There’s a POV-shot as a blind woman is chloroformed by Dr. Doom — the blind woman’s POV.
In the one and only scene where the Human Torch is fully engulfed in flames, he becomes an obviously animated character that looks like it’s straight out of an early video game. (Granted, this was primitive CGI technology.) He also flies in outer space, where there’s no oxygen to feed any fire, but … uh … well …
Rather than evoking a big-screen superhero movie like “Batman,” “The Fantastic Four” feels more like “Kiss Meets the Phantom of the Park.” The making of this film would’ve been an incredible season of “Project Greenlight.”
In the end, Eichinger paid Corman’s production company $1 million to buy back the film and toss it in the closet forever — except for the inevitable bootleg copies that have become comic-convention mainstays.
In 1994 Marvel (no doubt hoping to cash in on the movie) launched a new animated Fantastic Four. As half of the “Marvel Action Hour” (alongside “Iron Man”), this cartoon was most like the 1967 series in that it stuck pretty closely to the source material. Utilizing many Marvel supporting characters such as the Silver Surfer, the Sub-Mariner, Galactus and the Inhumans, the show lasted two seasons and has just been released as a DVD box set.
There are certain elements of every comic superhero, of course, that strain credibility when translated to live action. Sam Raimi realized that audiences, while accepting the idea of a man given the powers of a genetically altered super-spider, would still find it hard to believe that a high school student could create a super-strong, tensile, sticky web solution, so for his big-budget “Spider-Man” (2002), Raimi made web-shooting one of Peter Parker’s newfound organic abilities. And the lore of the Fantastic Four contains more than a few ridiculous elements. There’s the idea of unqualified, amateur astronauts making a trek into space; Dr. Doom’s Transylvania-like home of Latveria; the soap-operatic, communal living style of the group (picture “The Real World” with superheroes); and one really silly power in Mr. Fantastic’s super-elasticity. (After all, Plastic Man was played for laughs.)
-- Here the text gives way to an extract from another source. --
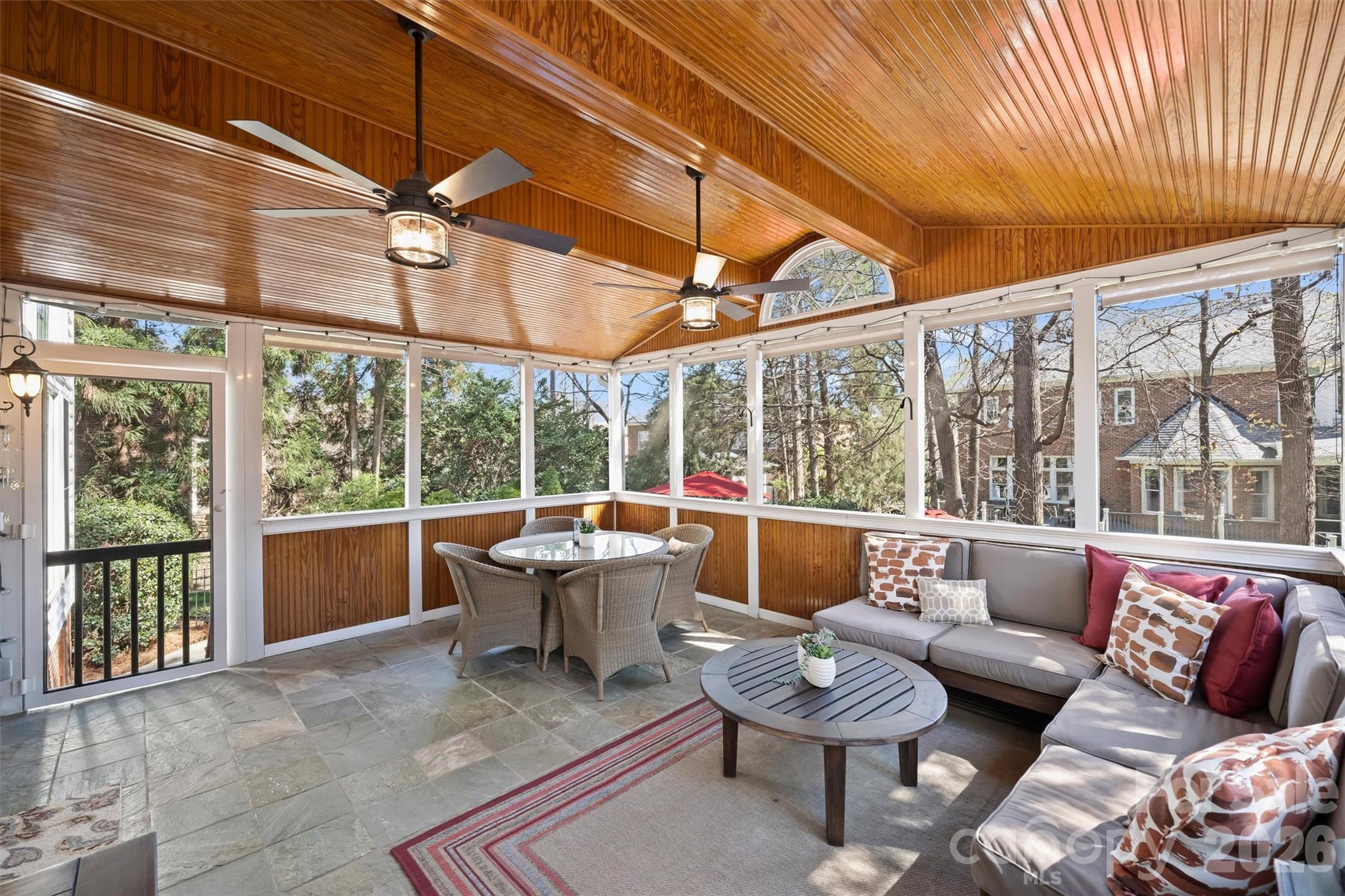 Allyson Park - Residential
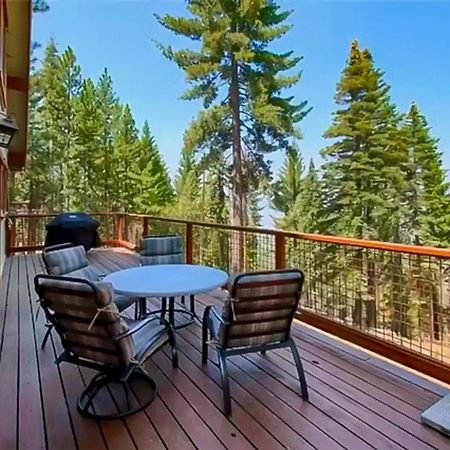 Yosemite West Family Chalet Esterno foto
Some fanboys are nervous about the fact that every director who’s been attached to this project has a comedy background. Originally, Chris Columbus (“Home Alone”) was slated to direct. Then Peyton Reed (“Down With Love”) planned to make “Fantastic Four” as a tongue-in-cheek retro piece. And Tim Story, the man who finally brought them to the big screen, is best known for 2002’s “Barbershop.”
But maybe the idea of a comedic take on the Fantastic Four wasn’t such a bad idea. As superhero movies continue to propagate, audiences will inevitably get tired of overblown, too-serious interpretations of what originated as disposable children’s entertainment. Filmmaking technology might have finally evolved to the point where the Fantastic Four can look good onscreen. But even in this alleged golden age of superhero movies, asking the general public to take the F4 seriously might still be a bit of a stretch. A fiery, rocky, invisible stretch.